Ahhh, never thought they could interact (badly) with other plastics. Makes sense though. Thanks!!!


----------



## ccm

Moisture can be a big deal for some soft plastics if left in boxes. I have seen mold attack Berkley power worms before; along with a few unidentified brands. The big deal with having them in any sort of container is just keeping them out of a damp dark place. I saw this happen when my dad left one box in his bass boat over the winter ( there was a little rain that got into one of the dry boxes ) mold ate/destroyed around $15 worth of soft plastics. Boxes are great to put soft plastics in. My dad still has two boxes full of Phantom soft plastics that have been in them for 20+ years. They never go bad if kept properly. There is a running joke in my family that my dad has enough new old stock unopened to open up his own tackle shop :LOL2:


----------



## BR1

I used to put my soft plastic's in a bait box but some of them melted and messed up the box. I have since been storing them in the bags they come it. I got a tackle bag and took the boxes out and put the bags in. This way I know which brand bait I'm using and which color.


----------



## stevesecotec02

I keep them in tje bags they came in. My tackle bag has multiple zipperd pockets and I keep them seperated by type of bait ... 1 for flukes 1 for worms 1 for tubes 1 for creature baits and 1 for jig trailers.


----------



## fish devil

:twisted: Not sure why you would not use the original package. My soft plastics are stored in a Black & Decker power drill tool bag(small & compact). Probably have over twenty packages in there.


----------



## muskiemike12

I was assuming that everyone buys them in bulk. I order most of mine from this eBay store muskybassbaits101. This place has great prices on high quality plastics.


----------



## vahunter

I have lots of soft plastic so heres what i do:
Get some gallon or quart Ziplocs depending on how many plastics you have. Label them in categories. Mine are: senkos, <7" worms, >7" worms, lizards, craws, creature. Layout and organize your plastics. Keep them in the original packaging. Then i found a Tupperware that fits the plastics just right or you can store them in a hatch when im not fishing I keep them out of the heat.

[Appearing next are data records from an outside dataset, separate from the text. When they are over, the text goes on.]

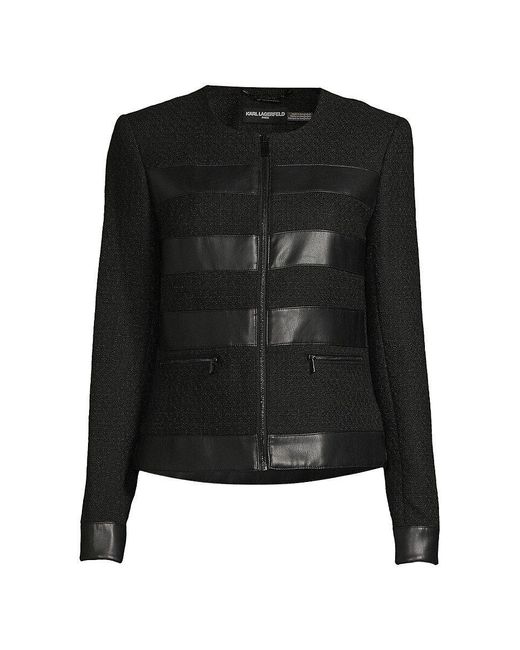 Karl Lagerfeld Faux Leather Tweed Jacket in Black Lyst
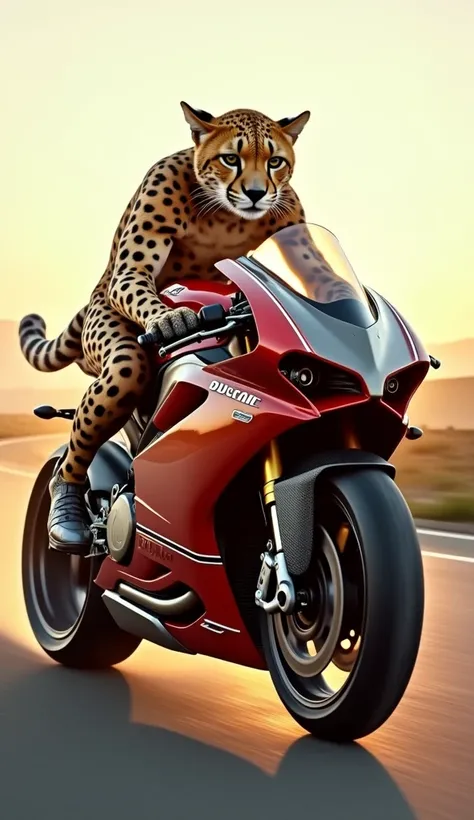 An ultra-realistic hybrid fusion between a cheetah and a Ducati Panigale, combining the agility and speed of the animal with the technology and design of the motorcycle. The body of the cheetah merges perfectly with the metallic and aerodynamic structure o...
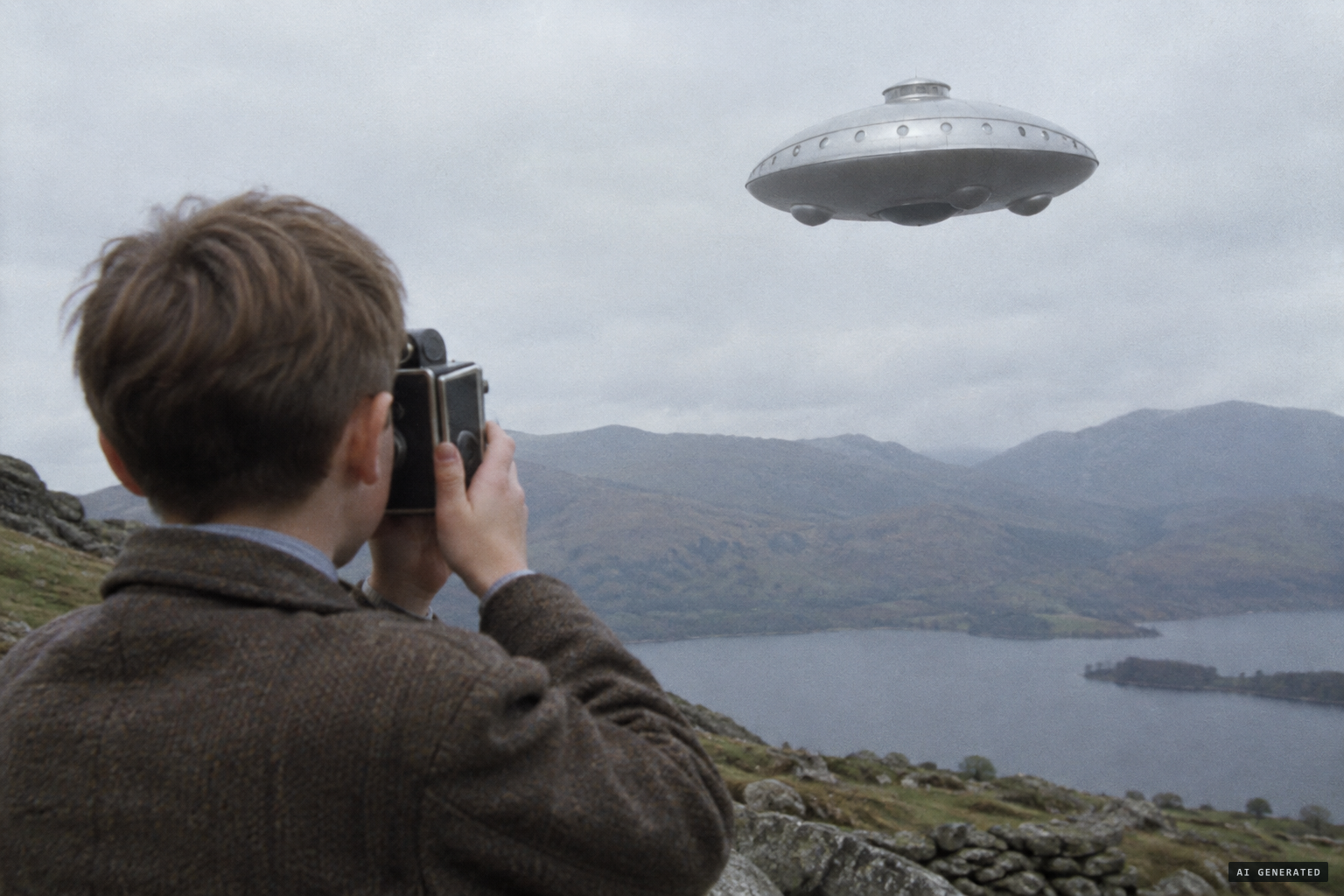 Stephen photographs the silvery craft with portholes and three bumps underneath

Edit: now that I think of it I think wired2fish just had something like this.


----------



## MONT.RAM

I like to keep mine in the bags they come in. I also stumbled across this neat little system awhile back and I think I will be using these when I get to redo my boat.

https://www.easyviewtackle.com/

Basically just like the chip holders in a C Store, and a reasonable price I think. 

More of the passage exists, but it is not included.